Snow White Must Die (Bodenstein & Kirchhoff, #4)(82)
The reunion with J?rg, Felix, and the others had awakened vague memories in him, memories of long forgotten events that he had previously considered trivial. He had stolen Laura from Michael without feeling a hint of guilt toward his friend. Girls were nothing more than trophies that served his vanity. How often had he hurt someone’s feelings with his thoughtlessness? How much anger and worry had he caused? He hadn’t really understood until the moment when Stefanie broke up with him. He didn’t want to accept what she told him. He had even knelt down and begged her, but she only laughed at him. What had he done then? What had he done with Amelie? How did her cell phone wind up in his pants pocket?
Tobias sank back on the sofa, pressed his palms against his temples, and tried desperately to put together the scraps of memory into a logical context. But the harder he tried, the less successful he was. It was driving him crazy.
* * *
Although her waiting room was full, Dr. Daniela Lauterbach did not make Bodenstein and Kirchhoff wait long.
“How’s your head doing?” she asked with a smile.
“No problems.” Bodenstein touched the bandage on his forehead. “A little headache, that’s all.”
“If you like I could take another look at it.”
“That’s not necessary. We don’t want to take too much of your time.”
“All right, then. You know where to find me.”
Bodenstein nodded and smiled. Maybe he really ought to switch doctors. Daniela Lauterbach quickly signed three prescriptions that her nurses had placed on the reception counter, then led Bodenstein and Kirchhoff into her office. The parquet floor creaked underfoot. The doctor motioned them to the visitor’s chairs.
“It’s about Thies Terlinden.” Bodenstein sat down, but Kirchhoff remained standing.
Dr. Lauterbach took a seat behind her desk and looked at him attentively. “What would you like to know about him?”
“His mother told us he’d had an attack and was now in the psychiatric ward.”
“That’s correct,” said the doctor. “I can’t tell you much more about it. Confidentiality, you understand. Thies is my patient.”
“We’ve been told that Thies had been stalking Amelie,” said Pia.
“He wasn’t stalking her, he just kept her company,” the doctor corrected. “Thies likes Amelie a lot, and that’s his way of showing affection. Incidentally, from the start Amelie accepted the way he is. She’s a very sensitive girl, in spite of her rather unusual appearance. That’s fortunate for Thies.”
“Thies’s father has bloody scratches on his hands after an argument with Thies,” said Pia. “Does Thies have a tendency toward violence?”
Dr. Lauterbach gave a somewhat worried smile. “Now we’re approaching the area I can’t discuss with you,” she replied. “But I presume that you suspect Thies of hurting Amelie. I consider that out of the question. Thies is autistic and behaves differently from a ‘normal’ person. He is not capable of showing his feelings or even expressing them.

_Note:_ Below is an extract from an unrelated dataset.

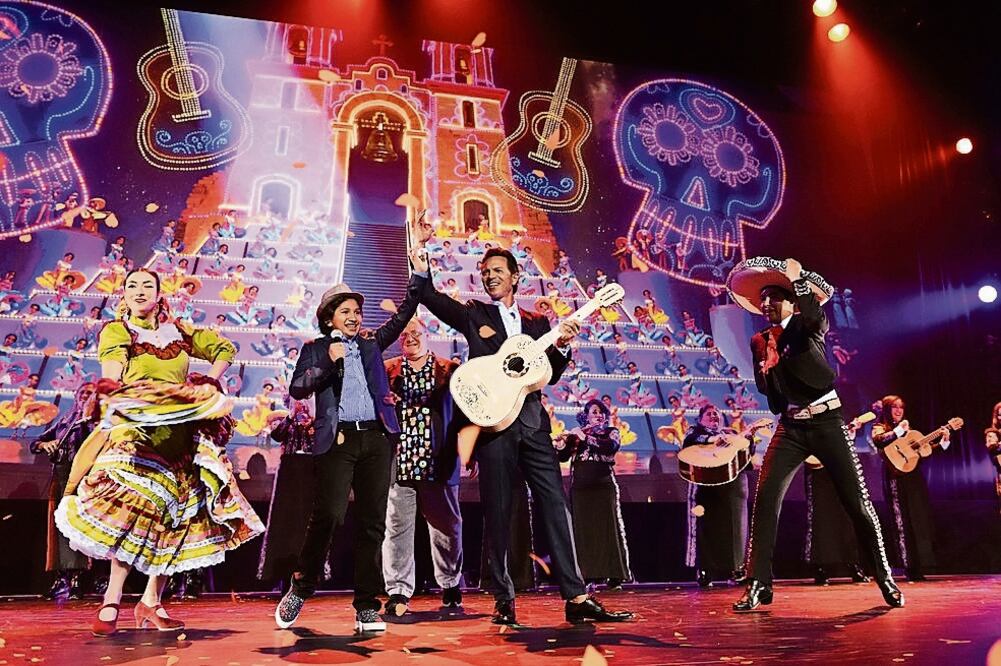 La convención D23 culminó con bailarines de música regional sobre el escenario. (DISNEY)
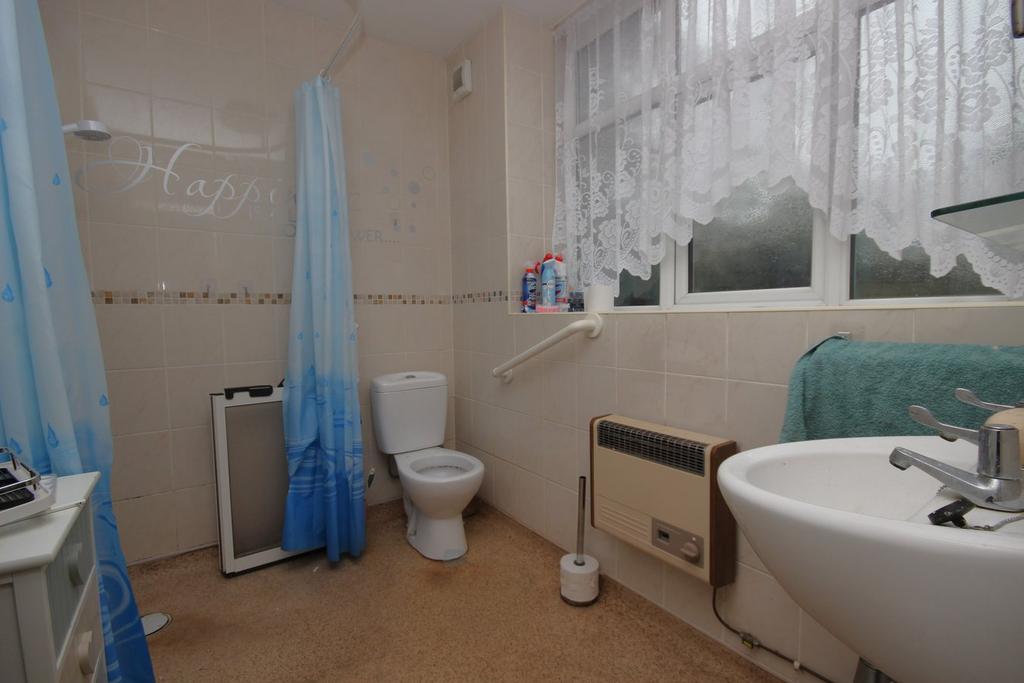 Alder Avenue, Widnes, WA8 4 bed semidetached house for sale £225,000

Now and then he has these … outbreaks, but very, very seldom. His parents are tremendously concerned about him, and he does well on the medications, which he’s been taking for years.”
“Would you say that Thies is mentally handicapped?”
“Absolutely not!” Dr. Lauterbach shook her head vehemently. “Thies is highly intelligent and has an extraordinary gift for painting.”
She pointed to the large-format abstract paintings that resembled those hanging on the walls in Terlinden’s house and office.
“Thies painted those?” Pia looked at the pictures in astonishment. At first sight she hadn’t discerned what they depicted, but now she could see it. She shuddered as she recognized human faces, distorted, desperate, the eyes of torment, fear, and terror. The intensity of these paintings was oppressive. How could anyone tolerate looking at these faces every day?
“Last summer my husband organized a show for him in Wiesbaden. It was a sensational success, and all forty-three paintings were sold.”
She sounded proud. Dr. Lauterbach liked her neighbor’s son, yet seemed to have enough professional distance to assess him and his behavior objectively.
“Claudius Terlinden supported the Sartorius family generously in the years following Tobias’s conviction,” Bodenstein now took over the conversation. “He hired a lawyer for Tobias, a very good one. Do you think it’s possible that he did this because he had a guilty conscience?”
“Why would he?” Dr. Lauterbach was no longer smiling.
“Perhaps because he knew that Thies had something to do with the disappearance of the girls.”
For a moment it was completely quiet, except for the incessant ringing of a telephone muted by the closed door.
The doctor frowned. “I’ve never looked at it that way,” she conceded pensively. “The fact is that back then Thies was utterly infatuated with Stefanie Schneeberger. He spent a lot of time with that girl, the way he does with Amelie today…”
She broke off when she realized where Bodenstein was going with this. She gave him a concerned look. “Good God!” she said. “No, no, I can’t believe that!”
“We really have to speak with Thies quite urgently,” Pia said emphatically. “It could lead us to Amelie.”